Assigned task >> Retype exactly the lines below, starting with the line that contains "Peach Calcite Crystal Tower" and ending with the last line; leave out any pictures.

Data to use >>
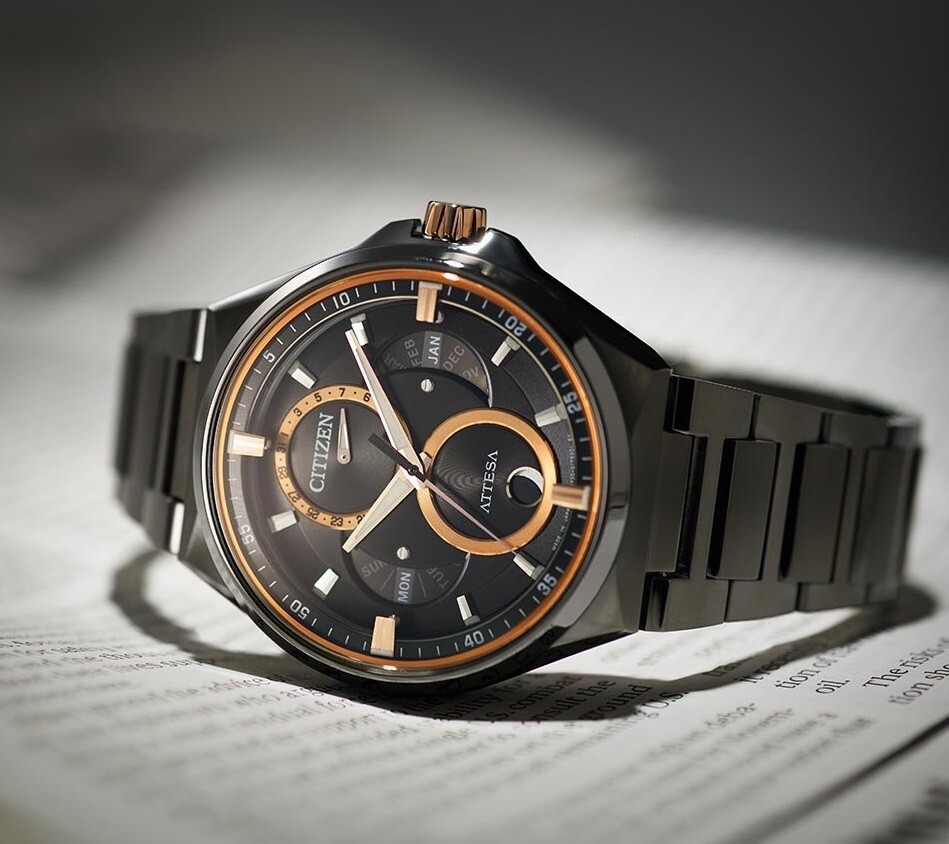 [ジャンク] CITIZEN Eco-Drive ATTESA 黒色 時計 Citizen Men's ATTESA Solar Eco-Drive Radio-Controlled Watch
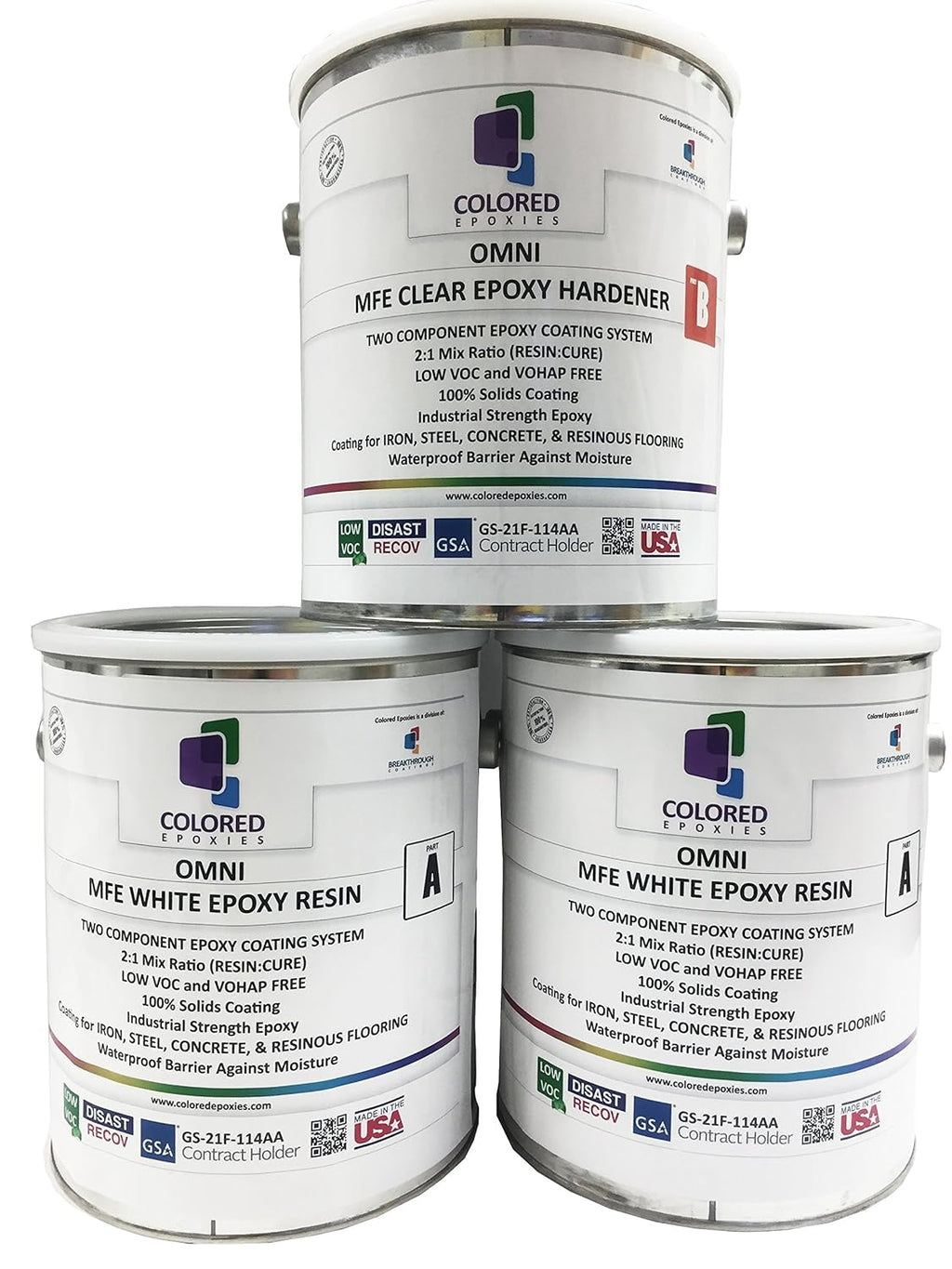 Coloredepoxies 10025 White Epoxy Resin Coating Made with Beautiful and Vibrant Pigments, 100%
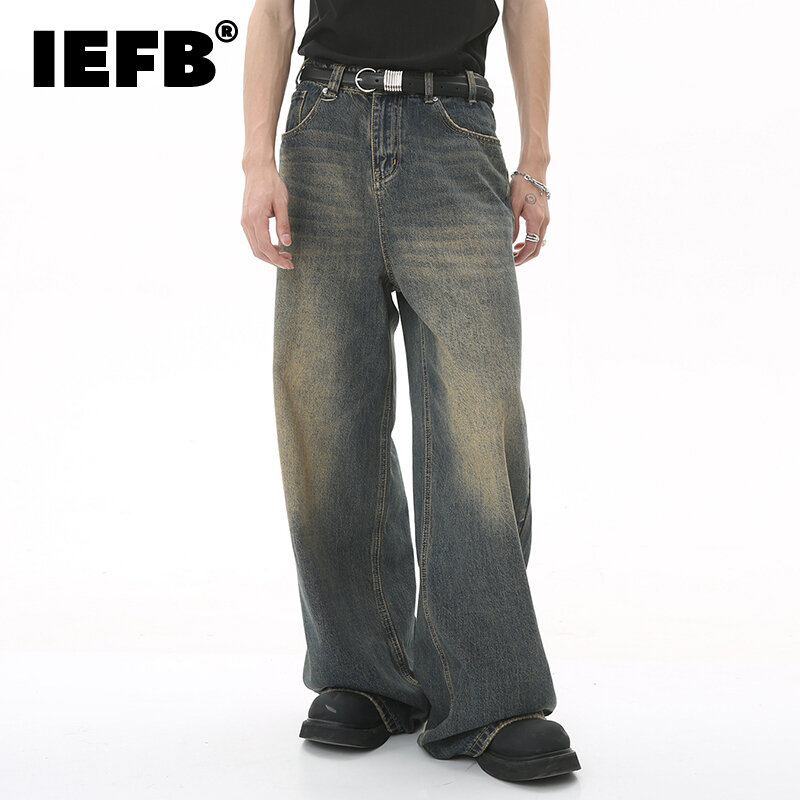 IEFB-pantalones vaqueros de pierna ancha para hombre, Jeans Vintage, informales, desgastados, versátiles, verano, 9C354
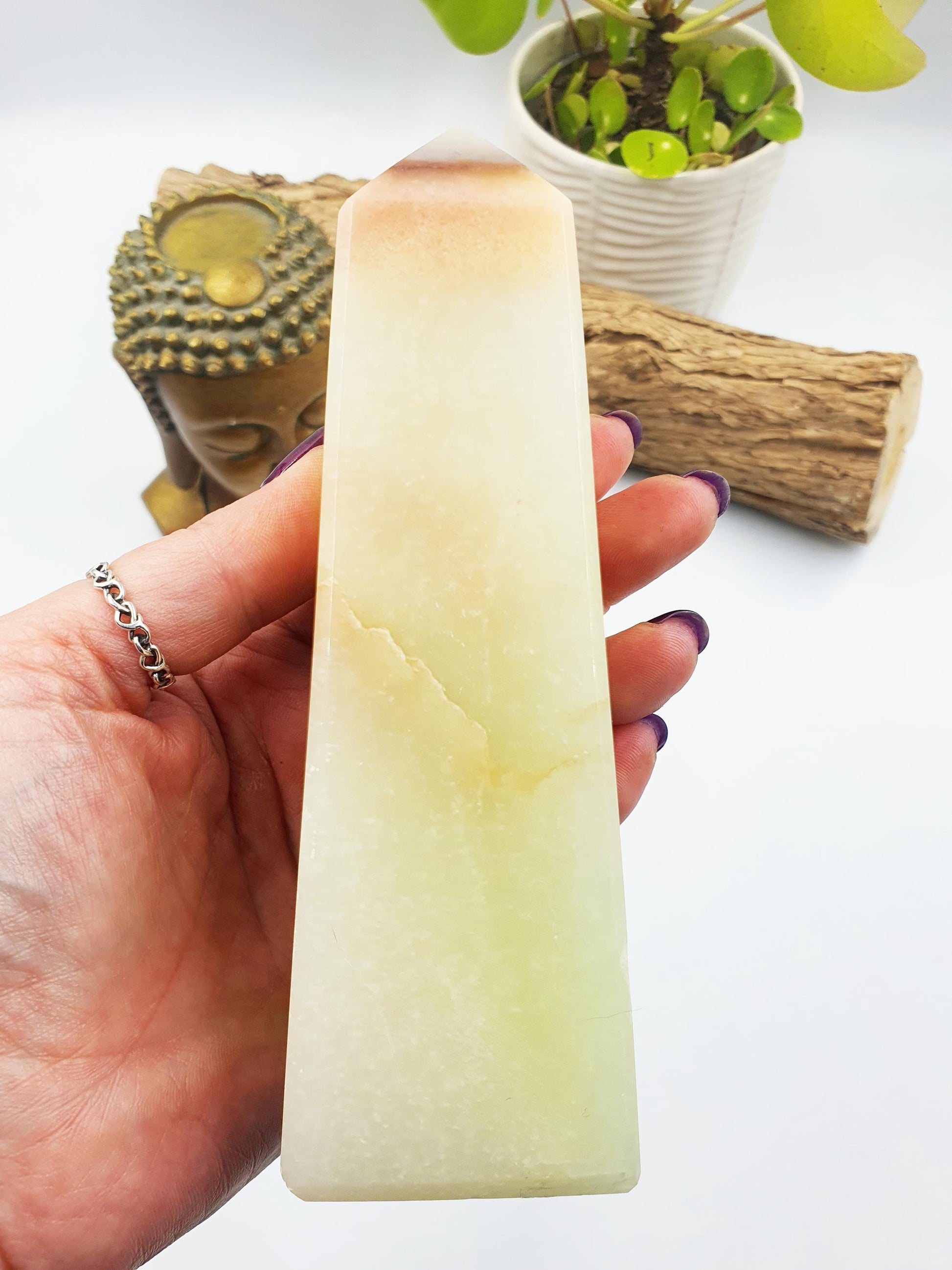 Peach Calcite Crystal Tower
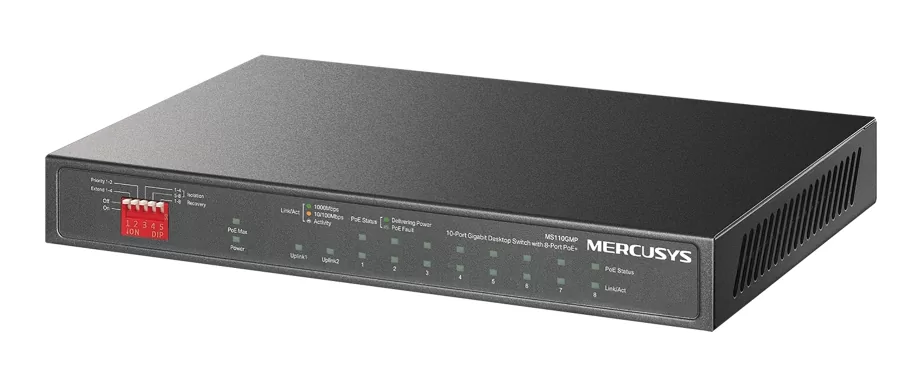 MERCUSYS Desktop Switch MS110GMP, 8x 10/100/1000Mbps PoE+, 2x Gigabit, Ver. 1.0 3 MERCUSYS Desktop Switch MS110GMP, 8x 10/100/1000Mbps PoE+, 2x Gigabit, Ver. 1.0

Response box >>
 Peach Calcite Crystal Tower
 MERCUSYS Desktop Switch MS110GMP, 8x 10/100/1000Mbps PoE+, 2x Gigabit, Ver. 1.0 3 MERCUSYS Desktop Switch MS110GMP, 8x 10/100/1000Mbps PoE+, 2x Gigabit, Ver. 1.0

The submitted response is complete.